Cresce entre os moradores de Praia Grande, no litoral Paulista, as ocorrências de escabiose, que também é conhecida como sarna humana. De acordo com a Prefeirura de Praia Grande, as equipes do Programa Consultório na Rua, Saúde Ambiental e Rede de Atenção Básica da Sesap (Secretaria de Saúde Pública) realizaram, na manhã de terça-feira (25), uma ação em uma comunidade do bairro Nova Mirim para atender e orientar a população local.

Segundo a SBD (Sociedade Brasileira de Dermatologia), a scabiose é uma parasitose humana causada pelo ácaro Sarcoptes scabiei variedade hominis. O contágio se dá apenas entre humanos, por contato direto com pessoa ou roupas e outros objetos contaminados. O contato deve ser prolongado para que ocorra a contaminação.
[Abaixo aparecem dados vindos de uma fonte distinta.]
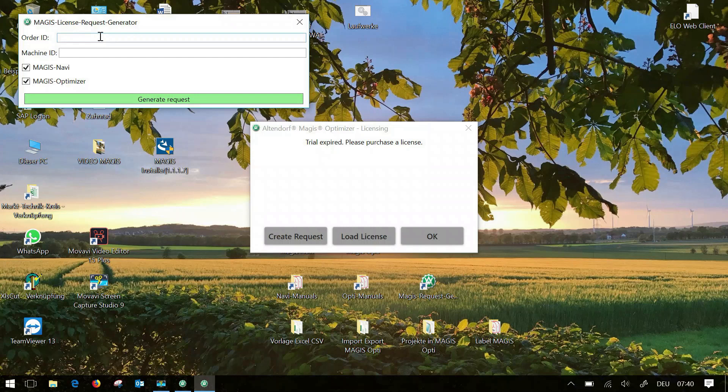Hello and welcome to our new Magus Opti video series. In the following videos I would like to show you the features and functions of Magus Opti. Today we start with how to create a license.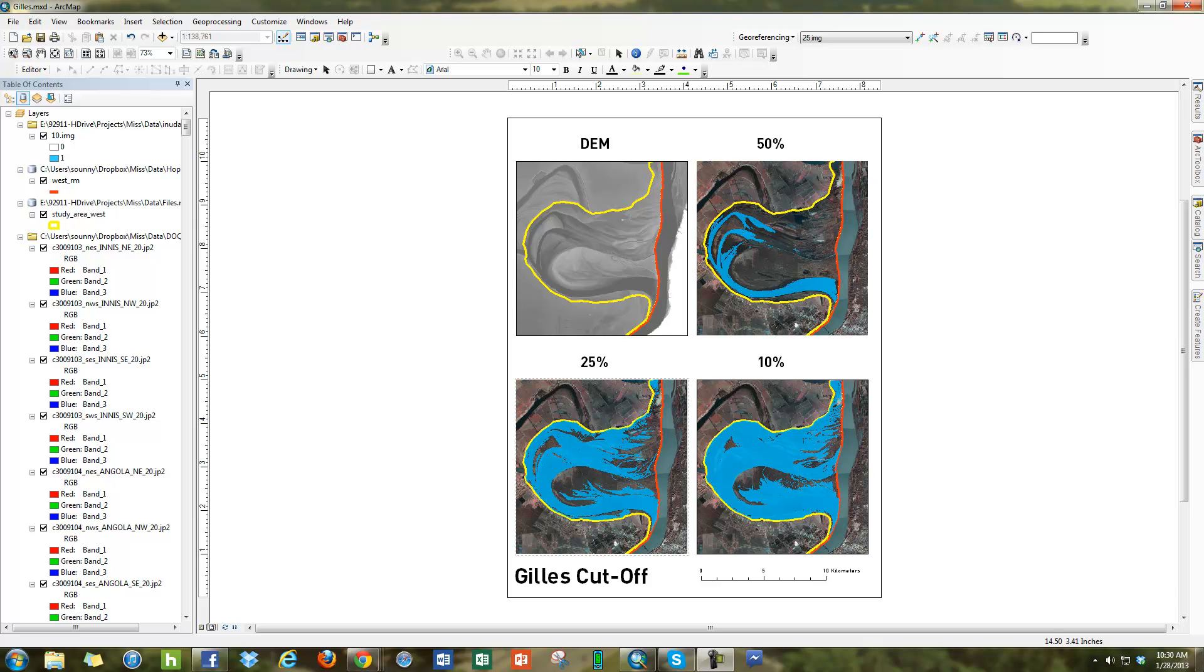So we're going to look at how to make a PDF from a map in ArcMap. Say you have your map already in layout view, you already made your composition, and you want to make it into a PDF.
A fecundação do ácaro se dá na superfície da pele. Logo após o macho sucumbir, a fêmea penetra na pele humana, cavando um túnel, por aproximadamente 30 dias. Depois, deposita seus ovos. Quando eles eclodem, liberam as larvas que retornam à superfície da pele para completar seu ciclo evolutivo, em um processo de maturação de 21 dias.

A ‘sarna humana’ ocorre principalmente em comunidades fechadas e grupos familiares e é transmitida através do contato e, embora seja de fácil transmissão, é limitada pelo número de pessoas em convivência comum. De acordo com a Prefeitura de Praia Grande, a notificação do número de casos não é necessária pois não causa epidemias ou surtos de grandes proporções.
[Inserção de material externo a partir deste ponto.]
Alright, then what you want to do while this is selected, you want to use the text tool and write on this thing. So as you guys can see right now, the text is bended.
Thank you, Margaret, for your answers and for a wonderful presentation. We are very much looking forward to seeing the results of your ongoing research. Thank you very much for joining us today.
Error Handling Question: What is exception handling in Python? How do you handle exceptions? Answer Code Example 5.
O principal sintoma da escabiose é a coceira ou prurido, que é sentido principalmente à noite e o diagnóstico é geralmente clínico, pelo achado dos túneis e pelas áreas características do aparecimento das lesões de escabiose. Pacientes idosos, ou já tratados com corticoides, podem ser difíceis de ser diagnosticados. Neste caso é preciso fazer uma pesquisa do parasita na pele, coletando o material nas lesões dos sulcos.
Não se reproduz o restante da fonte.